Perhaps the most prominent success story with respect to legislation impacting electric utilities thus far this session was when Gov. Gavin Newsom on July 12 signed wildfire damage recovery legislation, or Assembly Bill 1054. Newsom invested substantial political capital in pushing for the measure, which secures billions of dollars to pay for utility-caused wildfire damages and was seen as a crucial means of bolstering the threatened financial health of the state's investor-owned utilities. The law provides for a $21 billion fund that will rely on equal contributions from utility ratepayers and shareholders.
The law helped stabilize the financial ratings outlooks for PG&E Corp. and its subsidiary Pacific Gas and Electric Co., or PG&E; Edison International and its subsidiary Southern California Edison Co., or SCE; and Sempra Energy and its subsidiary San Diego Gas & Electric Co., or SDG&E. However, the new law requires PG&E, which is in the midst of bankruptcy proceedings, to resolve liabilities and exit Chapter 11 reorganization by June 2020 in order to access the insurance fund that would help pay future claims against the utility, which are estimated to be in excess of $30 billion.
While PG&E likely will need more help, the legislature failed to pass A.B. 235, an 11th-hour measure that would enable the state's largest investor-owned utility to obtain up to $20 billion in tax-exempt wildfire recovery bonds to compensate victims of wildfires linked to its utility infrastructure. The measure was shelved until 2020 after the bill's author, Assemblyman Chad Mayes, R-Yucca Valley, determined that he did not have the time or support needed to push the measure through in the final days before the recess.
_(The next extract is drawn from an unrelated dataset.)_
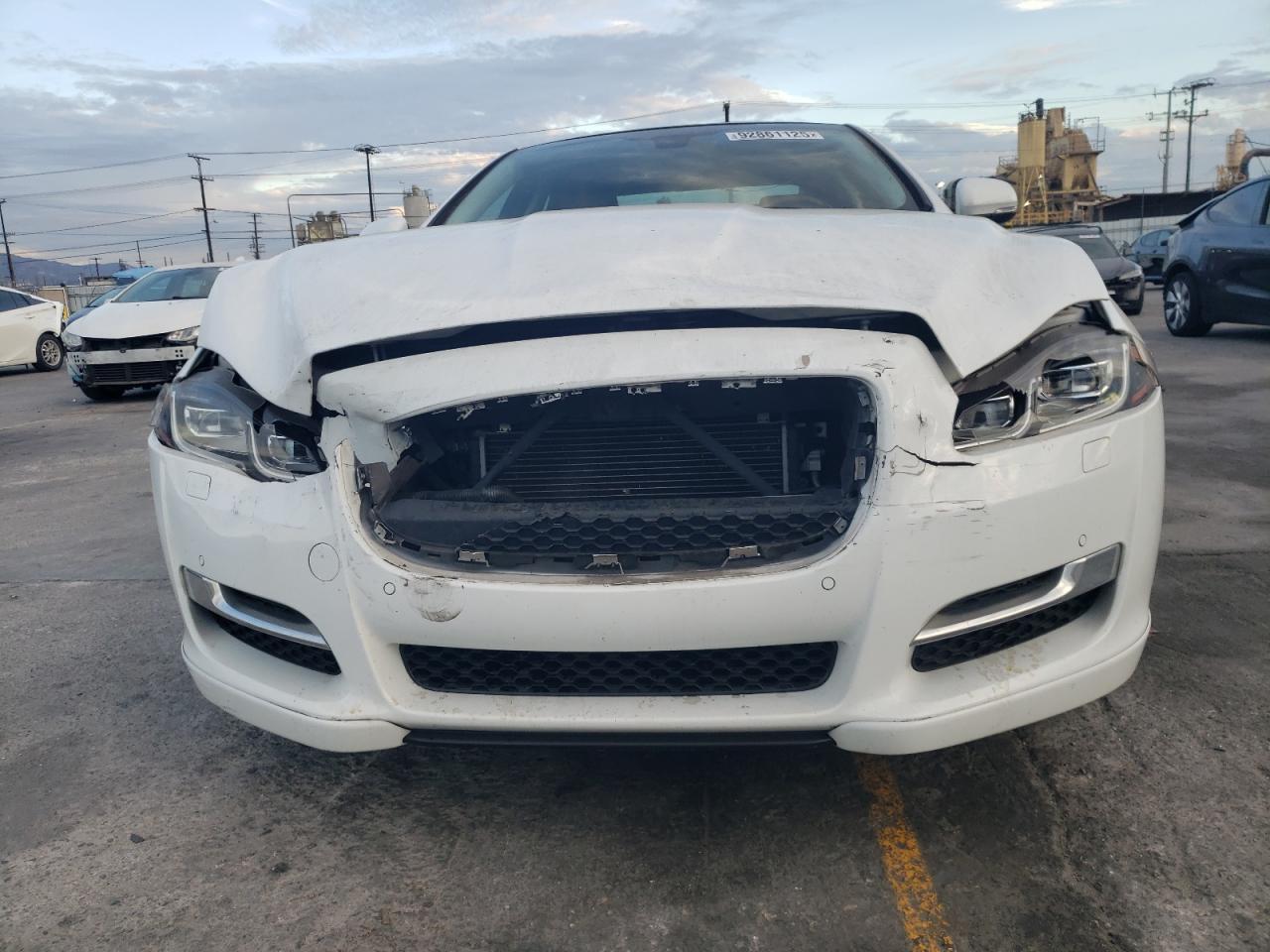 2016 JAGUAR Xj-Series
In a statement in which Newsom thanked the legislators for their work so far this session, the governor called for passing "a wildfire resiliency bond" measure. But detractors have called the measure a PG&E bailout bill.
The legislature also recently passed, and Newsom subsequently signed, A.B. 111, which created the California Catastrophe Response Council to oversee the wildfire fund created by A.B. 1054 and appoint a wildfire fund administrator. The new law also requires the California Public Utilities Commission to create a Wildfire Safety Division for overseeing and enforcing utility compliance with related regulations. Further, the law established the Office of Energy Infrastructure Safety within the Natural Resources Agency to work on electric infrastructure safety issues with the CPUC's Wildfire Safety Division.
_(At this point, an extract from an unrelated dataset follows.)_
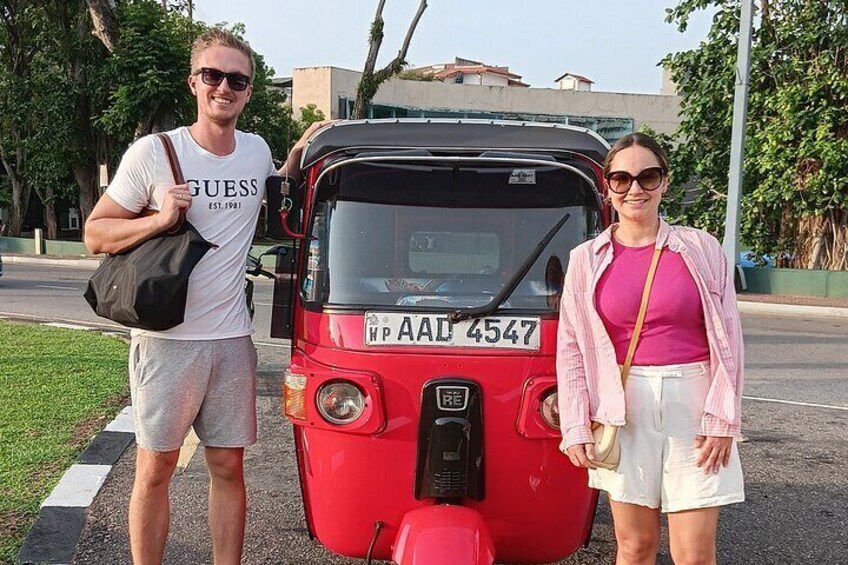 Colombo City Tour by Tuk Tuk Morning OR Evening - All Inclusive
Other bills address changing utility landscape
One measure that will be taken up again next session would designate the California Alternative Energy and Advanced Transportation Financing Authority to undertake backstop procurement of electricity to meet California's climate, clean energy and reliability goals that are not satisfied by utilities and other load-serving entities. Authored by Assemblymember Eduardo Garcia, D-Coachella, A.B. 56 was approved by the Assembly, but supporters in the Senate Energy, Utilities and Communications Committee could not muster enough votes to pass it this year.
Community choice aggregators, or CCAs, and many municipalities lobbied against A.B. 56, saying it would create a new central procurement bureaucracy with overly broad powers and raise customer costs. SCE also opposed the measure, but the bill originated at the request of SDG&E, which wants to get out of the business of supplying power to its retail customers.
Still, concern over which entities ultimately will be responsible for providing electricity to customers if CCAs or other competitive load-serving entities fail to do so prompted the legislature to pass S.B. 520 on Sept. 11. That bill has been sent to the governor.
While PG&E, SCE and SDG&E traditionally have been the electricity providers of last resort, their status as such is in question because CCAs now serve about a quarter of the state's electricity load and customers continue to depart the investor-owned utilities' service for these alternative energy suppliers. Sponsored by Senate Majority Leader Robert Hertzberg, D-Van Nuys, S.B. 520 most likely would require IOUs to continue serving as providers of last resort if alternative providers, including CCAs and direct access energy providers, fail in their service obligations.
The utilities would be required by law to fulfill that obligation because the bill requires any load-serving entity to be regulated as a public utility and be subject to oversight of rates, design and program offerings. The California Community Choice Association, or Cal-CCA, which represents aggregations in the state, opposes the measure, arguing that it elevates the CPUC and investor-owned utilities to roles that naturally should fall to the CCAs and their governing bodies. Cal-CCA said locally elected CCA boards are the primary governing bodies responsible for public oversight of CCA operations so they alone should be responsible for the aggregators' customers.
The state legislature will reconvene its two-year session Jan. 6, 2020.